Dans le 19e arrondissement de Paris, le complexe scolaire Beth-Hanna rythme la vie d’une importante communauté juive, bien intégrée tout en cultivant sa spécificité. Pouvoirs publics et associations essaient de créer du lien dans ce quartier.

Par Marie Malzac, le 21/01/2016

Attablés dans un snack casher à l’angle de la rue Petit, à quelques mètres du parc des Buttes-Chaumont dans le 19e arrondissement parisien, trois jeunes hommes discutent autour d’un sandwich. Ils parlent travail, famille mais aussi de l’actualité israélienne. Quant à l’agression d’un enseignant juif, lundi 11 janvier, à Marseille, « cela ne va pas nous empêcher de porter la kippa ! s’exclament-ils. Nous en avons vu d’autres, et nous en verrons encore… Que voulez-vous qu’on y fasse ? »

Dans les boutiques alentour, boucheries et épiceries, se pressent des hommes en noir coiffés de grands chapeaux et des femmes portant la perruque, comme c’est la tradition chez les juifs orthodoxes. Ceux-ci sont nombreux dans un arrondissement où la proportion de personnes de confession juive, toutes tendances confondues, est l’une des plus élevées d’Europe.

« Ce qui s’est passé à Marseille n’a rien de nouveau », affirme Haïm Nisenbaum, rabbin de la communauté loubavitch, un mouvement religieux qui compte plusieurs milliers de membres dans ce quartier populaire. « Nous sommes habitués… La nouveauté, c’est la réaction nationale de solidarité qui s’est ensuivie, car les juifs en France se sont sentis bien seuls ces dernières années », souligne-t-il avec une pointe d’amertume.

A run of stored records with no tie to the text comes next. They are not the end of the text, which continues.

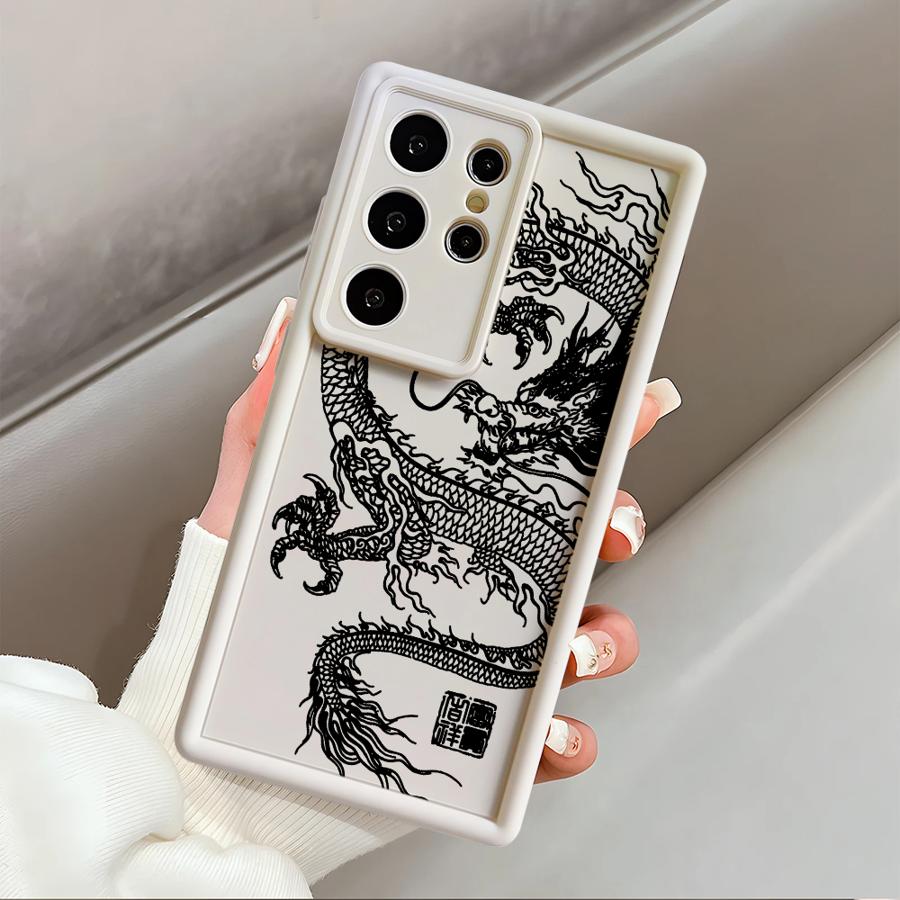 

Cool C-Chineses Dragon Phone Cover Case for Samsung Galaxy S26 Ultra S20FE S24 Plus S23 FE S22 S21 S24Ultra S25 S25 Edge Galaxy S23+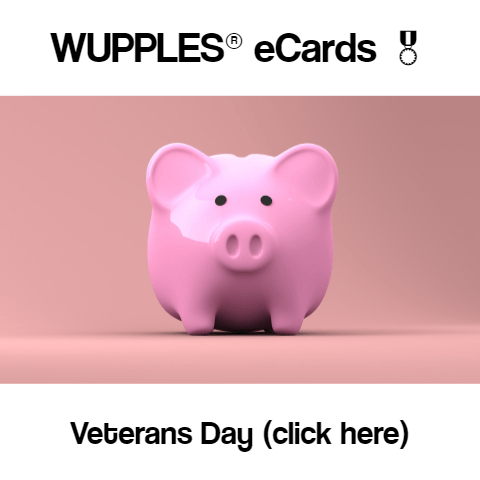 wupples ecards veterans day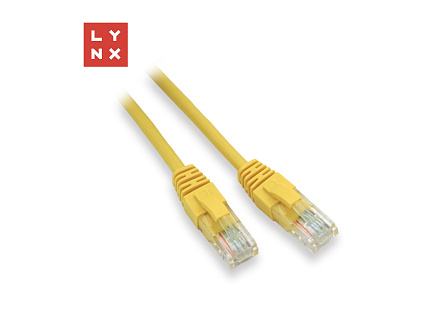 LYNX UTP patch kabel Cat5e, PVC, CCA, 7m, žlutý LYNX UTP patch kabel Cat5e, PVC, CCA, 7m, žlutý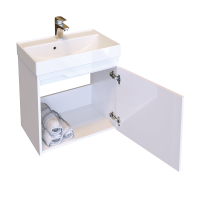 Долен шкаф за баня Етоша отворен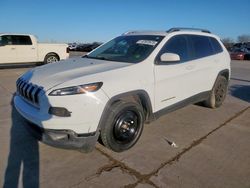 Salvage cars for sale at Grand Prairie, TX auction: 2015 Jeep Cherokee Latitude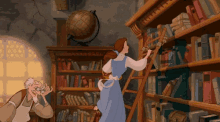 23. If You’d Have Done Even Half Of The Assigned Reading In College You’d Be 1000 Times Smarter GIF - Beauty And The Beast Belle Books GIFs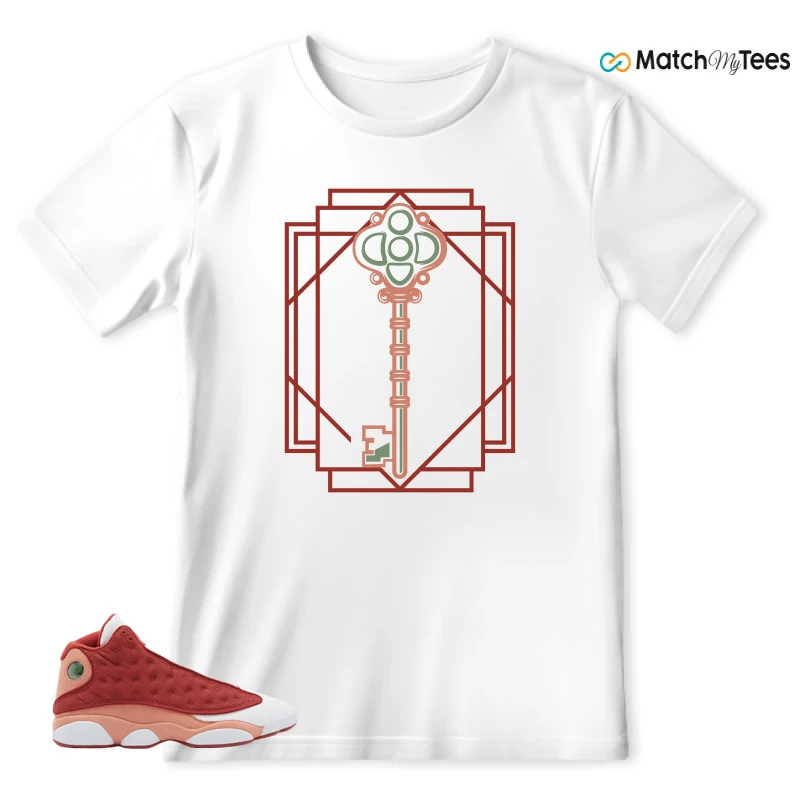 NIKE AIR JORDAN 13 DUNE RED SNEAKER Matching Tees t-shirt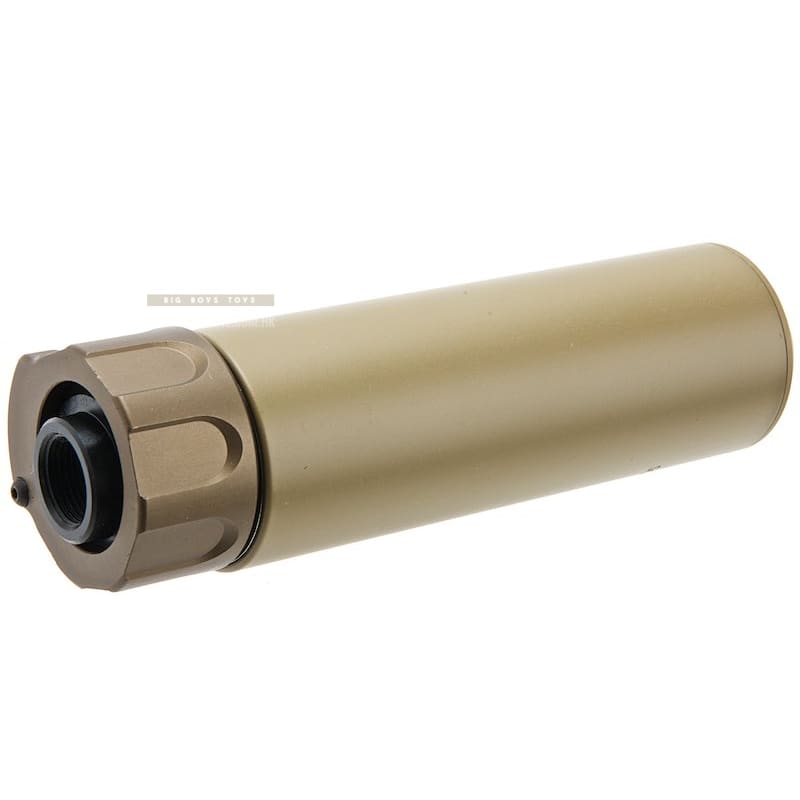 GK Tactical SOCOM556 Mini 2 Suppressor (14mm CCW) - TAN - Bang Bang Airsoft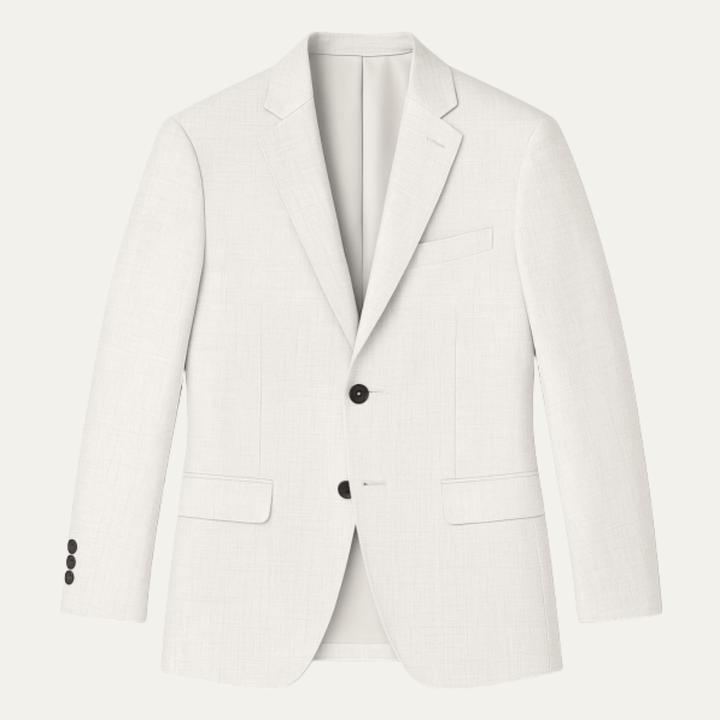 Freja Andersen | Herre stilren afslappet slim fit bomuld blazer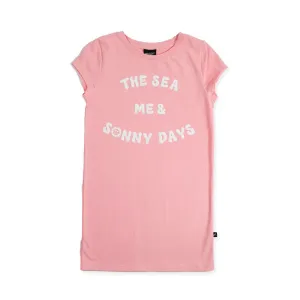 SEE ME TEE DRESS - Pink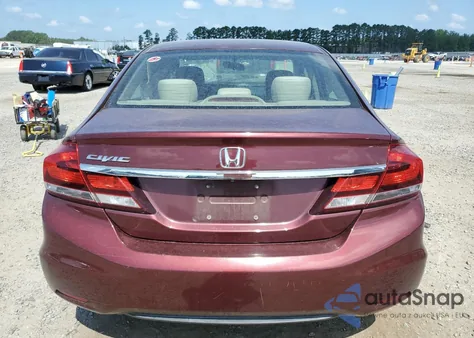 2013 Honda Civic Lx from USA, damaged, VIN 2HGFB2F52DH602467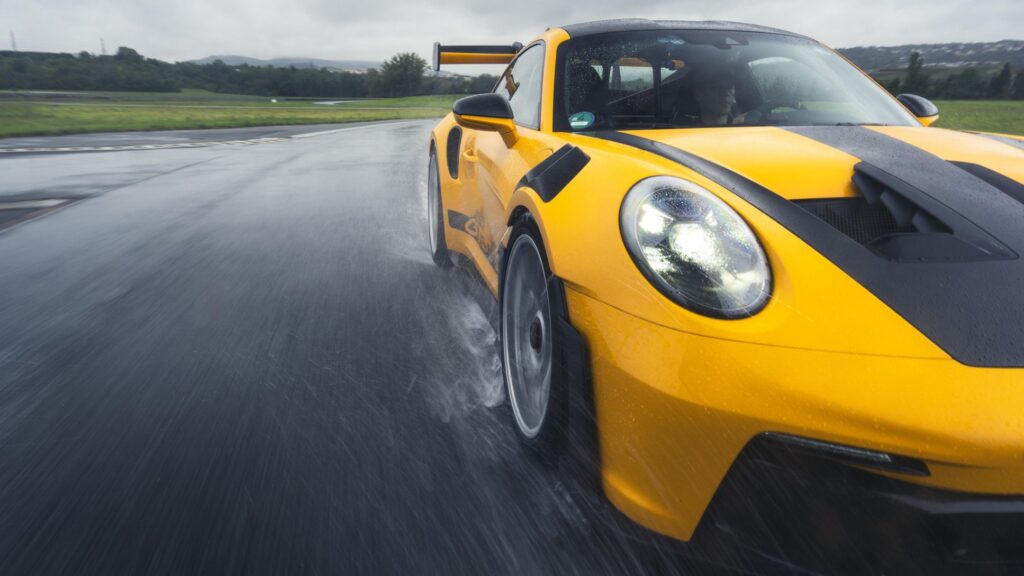 Porsche and Michelin launch the Pilot Sport S 5, a road-legal track tyre designed for wet conditions, enhancing grip, safety, and extending the track-day season for 911 GT3 RS owners.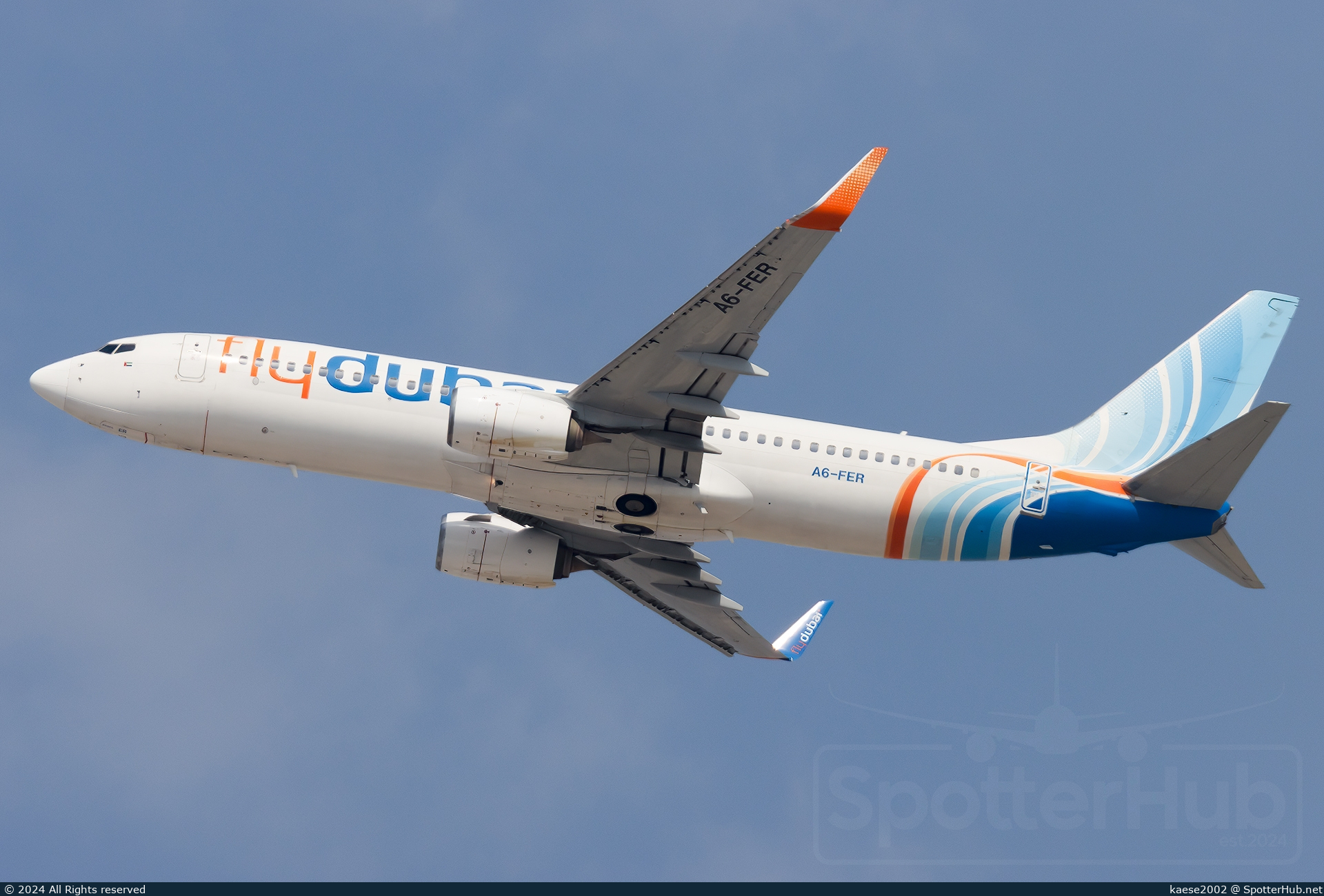 Photo of A6-FER - Boeing 737-8KN operated by flydubai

Régulièrement, et de plus en plus souvent, des familles s’ouvrent à lui de leurs interrogations. « Certaines se demandent si elles ont encore leur place ici », explique-t-il. Il évoque le sentiment d’insécurité, leur désir de partir en Israël. « Mais de toute façon, nous ne devons pas reculer, ni quitter la France sous le coup de la peur », tranche ce responsable.

« L’Hyper Cacher, ça aurait pu être nous »

À ses yeux, les tensions entre communautés se sont cristallisées au début des années 2000, avec la deuxième Intifada dans les Territoires palestiniens. « Il y a eu une transposition du conflit israélo-arabe en France, avec des heurts ponctuels dans le quartier et des insultes de plus en plus fréquentes de la part de jeunes Maghrébins mal intégrés », se souvient-il.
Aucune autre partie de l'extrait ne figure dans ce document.